Hankah, zâviye ve ribâtların idaresinden sorumlu sûfî ve âlimlerle fütüvvet teşkilâtında en üst makam sahiplerine verilen unvan.

Müellif:

“Şeyhler şeyhi” anlamına gelen şeyhü’ş-şüyûh, herhangi bir ilimde otorite kabul edilen kişilerin yanı sıra özellikle Şehâbeddin es-Sühreverdî gibi önde gelen sûfîlere verilen bir şeref unvanı olarak kullanılmakla birlikte Zengîler döneminde sûfîlere ait müesseselerin idaresinden sorumlu kişilere unvan olarak verilmiştir (DİA, XXXVIII, 40). Bu müesseseye ise “meşîhatü’ş-şüyûh, meşîhatü’l-meşâyîh” denilmiştir. Resmî bir görev olarak şeyhüşşüyûh tayininin ilk defa Nûreddin Zengî devrinde gerçekleştiği anlaşılmaktadır. Dönemin önde gelen fakih ve sûfîlerini çevresinde toplamak isteyen ve onlar için birçok yeni vakıf kuran Nûreddin Zengî’nin sûfî vakıflarının kontrolü amacıyla 568 (1172-73) yılında Dımaşk’a davet edip şeyhüşşüyûh tayin ettiği ilk kişi sûfî Ebü’l-Feth İmâdüddin Ömer b. Ali b. Muhammed b. Hameviyye’dir (Hameveyh). Dönemin meşhur inşâ kâtibi İmâdüddin el-Kâtib el-İsfahânî tarafından kaleme alınan menşurdan anlaşıldığına göre İbn Hameviyye Dımaşk, Hama, Humus, Ba‘lebek ve Halep’teki sûfî vakıflarıyla ilgili tek yetkili kişiydi (Münzirî, III, 16; Ebû Şâme el-Makdisî, II, 173, 264-265; İbn Vâsıl, III, 257).

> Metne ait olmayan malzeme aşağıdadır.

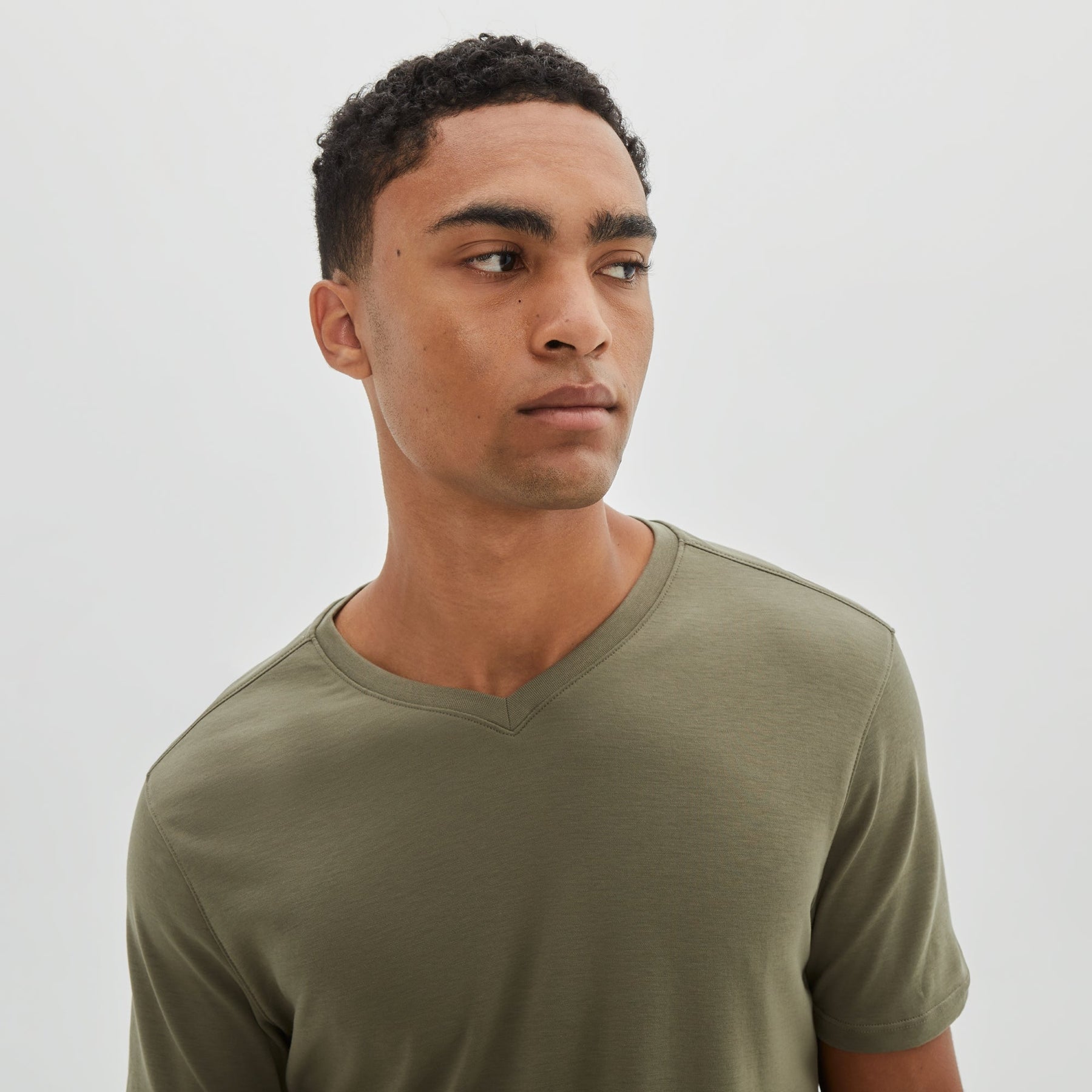 T-Shirt col en V pour homme par Robert Barakett | 23336V Georgia Olive | Machemise.ca, vêtements mode pour hommes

Zengîler’den sonra Eyyûbîler ve Memlükler döneminde de Suriye ve Mısır’daki sûfî vakıflarından sorumlu bir şeyhüşşüyûh tayini geleneği sürdürüldü. Eyyûbîler devrinde Mısır’daki ilk şeyhüşşüyûh 569 (1173-74) yılında Selâhaddîn-i Eyyûbî tarafından tayin edildi (Makrîzî, el-Ḫıṭaṭ, III, 570). Böylece Mısır ve Suriye bölgelerine iki ayrı şeyhüşşüyûh görevlendirme uygulaması başlatılmış oldu, bu uygulama Memlükler’in son dönemlerine kadar devam etti. Zengîler devri boyunca görevinde kalan İbn Hameviyye, Eyyûbîler’in bölgede hâkimiyeti ele geçirmelerinden sonra Selâhaddîn-i Eyyûbî döneminde de Dımaşk şeyhüşşüyûhu olarak görevini sürdürdü. Selâhaddin’in ardından Eyyûbîler’in sürdürdüğü siyasî ve idarî açıdan parçalı yapı içinde Mısır şeyhüşşüyûhu Mısır’a, Dımaşk şeyhüşşüyûhu Dımaşk’a hâkim olan melikler tarafından göreve getirildi. Ayrıca bu dönemde Suriye bölgesi çoğu zaman birden fazla melik tarafından yönetildiğinden Dımaşk’taki şeyhüşşüyûhun görev alanında zaman zaman değişiklikler meydana geldi. Memlükler devrinde ise Mısır’da görev yapan şeyhüşşüyûhu bizzat sultan tayin ediyordu. Dımaşk şeyhüşşüyûhu çoğu zaman Mısır’daki sultan, bazan da onun Suriye’deki nâibi tarafından atanırdı (Kalkaşendî, XI, 370).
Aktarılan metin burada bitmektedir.